I’ve wrote a few weeks ago about the nagging problem of the measurement of temperature. The basic weather data are collected by national meteorological bodies, both as a public service for citizens and also for ships, aeroplanes and other transport media. There is a World Meteorological Organisation, which has established standards that nations are urged to follow. The developed countries do so, while the developing countries do their best. It is most important that the data are accurate, because the utility of forecasts depends on their reliability and validity.
Over the last few years those with a sceptical mind have begun to be concerned about the reliability and validity of the data underlying the forecasts and reports issued by our Bureau of Meteorology, the British Met Bureau and their counterparts in the USA. Indeed, like Jo Nova, I wondered in print last year whether or not the BoM was best described as a PR outfit for global warming, pushing the view of the then Gillard Government.

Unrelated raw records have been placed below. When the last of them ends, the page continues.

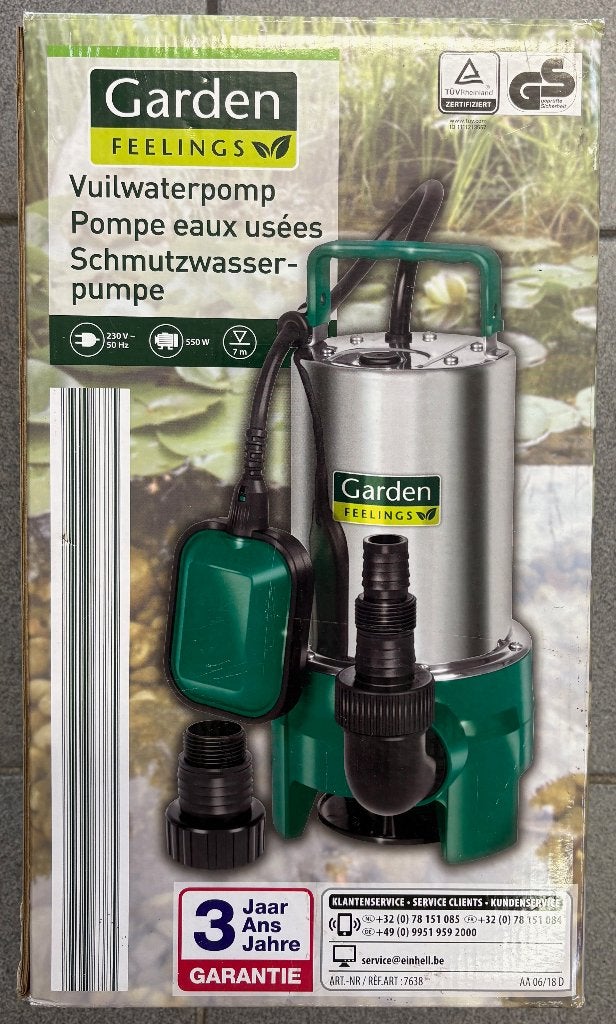 dompelpomp, Enlèvement, Neuf, Électrique, Pompe à eaux claires
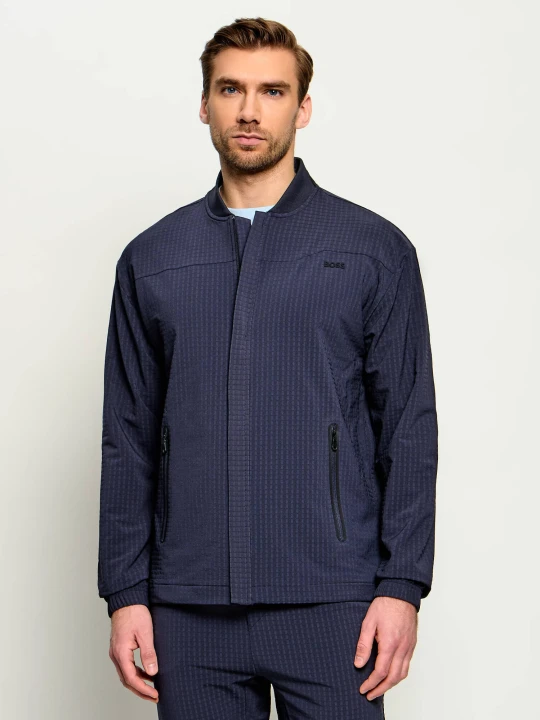 Zdjęcie produktu BOSS GREEN Bluza SW_Terrace FZ | Relaxed fit granatowy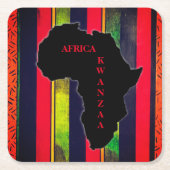 Een uitbarsting van Onderzetters op het Kwanzaa-pl (Voorkant)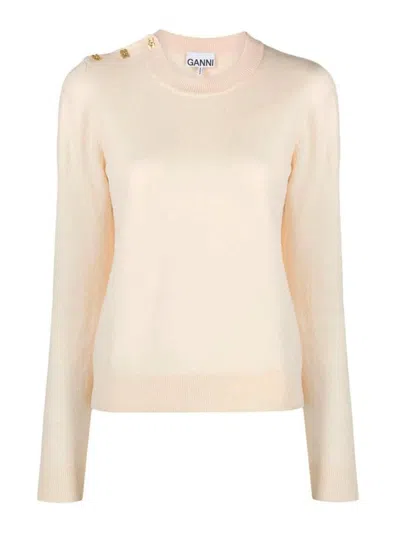 GANNI T-SHIRT WITH LOGO
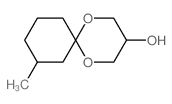 8-Methyl-1,5-dioxaspiro(5.5)undecan-3-ol Structure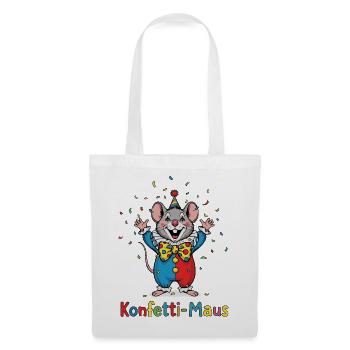 Confettis de fête foraine, Chemise costume amusante et mignonne - Sac en tissu - blanc - Devant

Dr Jennifer Marohasy, whose website is listed on my blogroll, has been a persistent critic of the Bureau’s methodology, and has put forward actual examples of places, like Bourke in NSW and Rutherglen in Victoria, where the actual data have been ‘homogenised’, or adjusted, so that what would have been a cooling trend over time has become a significant warming trend. Others, like Tom Quirk, Des Moore and William Kininmonth, have raised their own comparable questions, mostly in Quadrant. As I’ve explained in the past, when new instruments are brought in, or data-collecting stations are moved, because the site is no longer appropriate (there are rules about the desirable local environment of thermometers, for example), the organisation has to make a choice. Do you end one trend and start anew ? Do you make an adjustment for what you think would have been the case had the new station always been where it has now been placed? And if you do, on what basis do you make the adjustment?
Well, the Bureau steadfastly declined to deal with these inconvenient questions, and it was only recently, after one of Dr Marohasy’s papers had an MP (Dr Dennis Jensen, a scientist himself) as a co-investigator, and her investigations began to be noticed internationally, that it offered any response. You can read it in The Conversation, a government-funded website to allow academics to voice their thoughts and opinions. The authors are both strong supporters of the IPCC, and one of them, Dr Andy Pitman, is most dismissive of sceptics: the sceptics are so well funded, so well organized, have nothing else to do, they kind of don’t have day jobs, they can put all of their efforts into misinforming and miscommunicating climate science to the public, whereas the climate scientists have day jobs and this isn’t one of them. He said this in an ABC interview. I don’t know where he gets this guff from, but it is mind-bendingly inaccurate as far as I am concerned, and indeed as far as all the sceptics I know are concerned.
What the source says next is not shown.